Would you like your operating system behavior to be modified based only on the fact that you downloaded something from the Internet? Yet, that’s what classpath-scanning & auto-instrumentation magic is doing. In Scala, we prefer explicitly enabling features, even if it’s three more lines of code.

Another example is that Scala applications always explicitly define main methods. For some reason, Java code often does not have such a clearly defined entrance point, instead relying on our good old friends: annotations and reflection. Maybe it’s Java that’s unique here, or maybe it’s Scala that is bringing some sanity to the situation—I’m not sure. But for certain, there’s no reason to fear the main .

Where is this coming from? When writing Scala code, or generally using the “functional” style, we work with functions that might accept other functions as parameters and return values that we pass further to other functions. This, after all, is what functional programming is about: treating functions as first-class values.
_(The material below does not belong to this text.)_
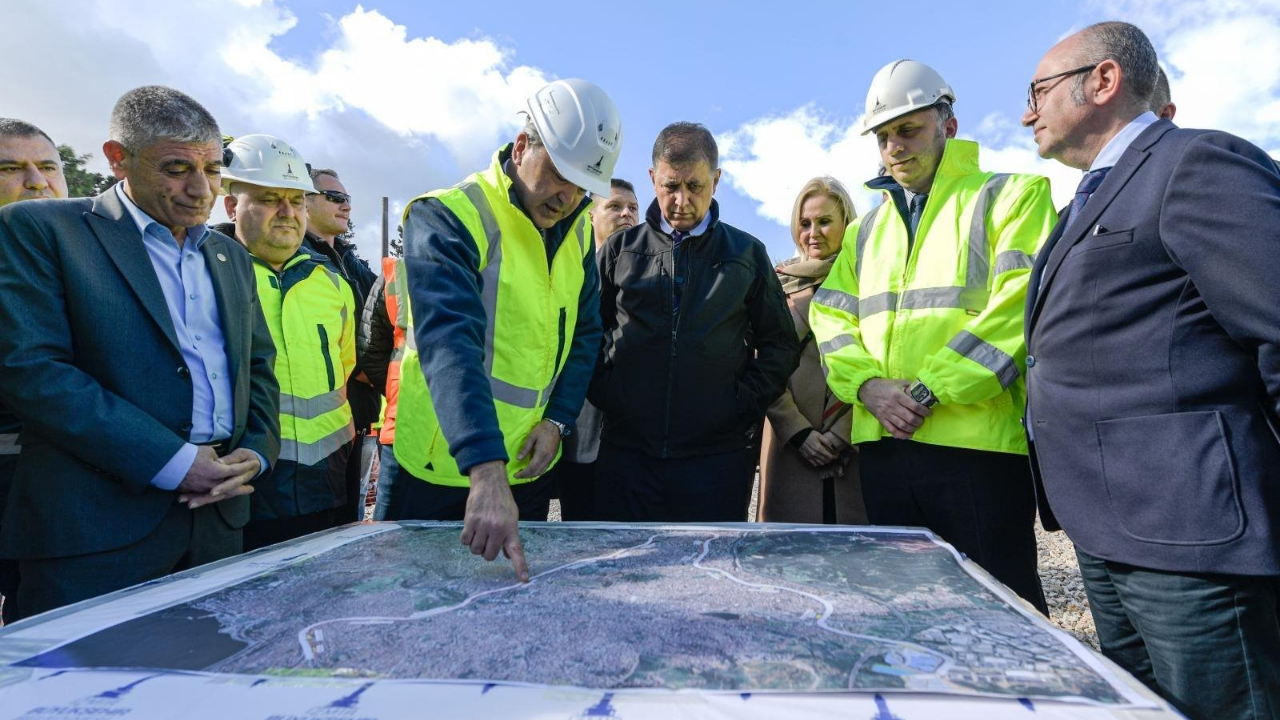 İzmir’de Yerin 30 Metre Altında Mühendislik Mücadelesi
Consequently, we can directly follow code paths—using the simple yet very effective method of “go-to definition” in our IDEs.

Summary

None of the traits described above are universally unique to Scala. It’s their combination that provides such a good mix. It’s not only about language design; defaults matter, as is shown by immutable data structures and immutable collections in the standard library.

Having a regular, surprisingly small grammar in an expression-oriented language opens up new possibilities—for example, to succinctly represent concepts as values.

Extending the compilation process using type-safe code generation is more efficient, secure, and predictable compared to run-time annotation processing.

Finally, being explicit as to what happens when and why in your code increases the explorability and understandability of our codebases, even when it’s necessary to navigate library-provided infrastructure code.

This all rests on three pillars: the Scala language, the standard library, and the community-provided libraries and frameworks. What would you add to the list of principles when developing code using functional programming and Scala?